Datum uitspraak: 12 maart 2003
AFDELING
BESTUURSRECHTSPRAAK
Uitspraak op het hoger beroep van:
[appellant], wonend te [woonplaats],
tegen de uitspraak van de rechtbank Zutphen van 6 september 2002 in het geding tussen:
appellante
en
het college van burgemeester en wethouders van Gorssel.
1. Procesverloop
Bij besluit van 18 juli 2000 heeft het college van burgemeester en wethouders van Gorssel (hierna: het college) appellante aangeschreven om binnen twee maanden na verzending van het besluit de douche, het toilet en de kookgelegenheid met koelkast te verwijderen uit het bijgebouw op het perceel [locatie] (hierna: het perceel), onder verbeurte van een dwangsom van ƒ 2500,- per maand met een maximum van ƒ 10.000,-.

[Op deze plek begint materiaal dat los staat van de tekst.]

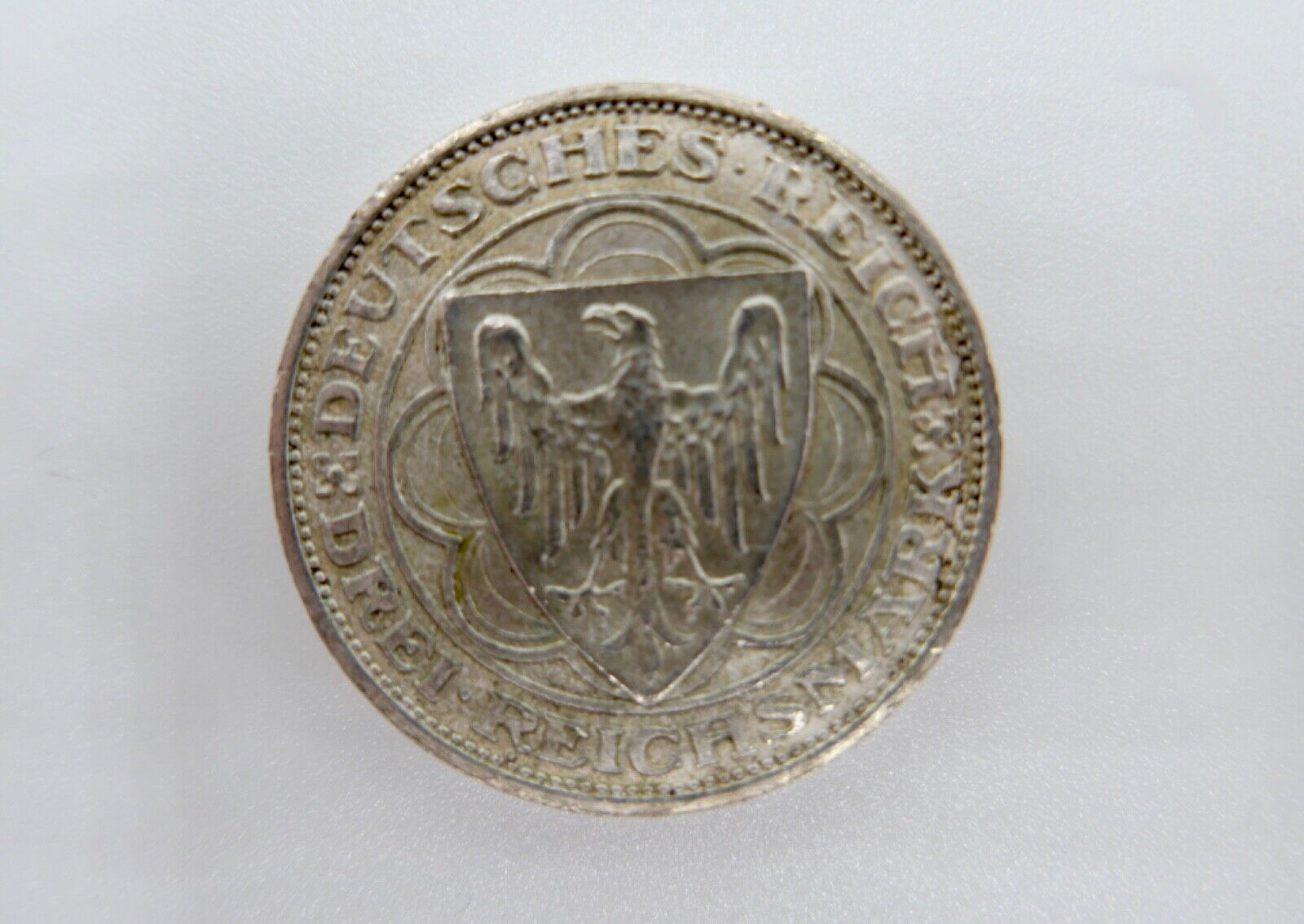 3 Mark Silber 1927 A 100 Jahre Bremerhaven Silbermünze Jäger J.325 - Antikhandel-Stuttgart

Bij besluit van 8 november 2001 heeft het college het daartegen gemaakte bezwaar ongegrond verklaard en het besluit van 18 juli 2000 gehandhaafd, met dien verstande dat de aanschrijving geen betrekking (meer) heeft op het aanwezige toilet en de datum waarop aan de lastgeving gevolg moet zijn gegeven is bepaald op 15 januari 2002.
Bij uitspraak van 6 september 2002, verzonden op dezelfde datum, heeft de rechtbank Zutphen (hierna: de rechtbank) het daartegen ingestelde beroep ongegrond verklaard. Deze uitspraak is aangehecht.
Tegen deze uitspraak heeft appellante bij brief van 9 september 2002, bij de Raad van State ingekomen op dezelfde datum, hoger beroep ingesteld. De gronden zijn aangevuld bij brief van 18 oktober 2002. Deze brieven zijn aangehecht.
Bij brief van 18 november 2002 heeft het college een memorie van antwoord ingediend.
De zaak is door een meervoudige kamer van de Afdeling verwezen naar een enkelvoudige.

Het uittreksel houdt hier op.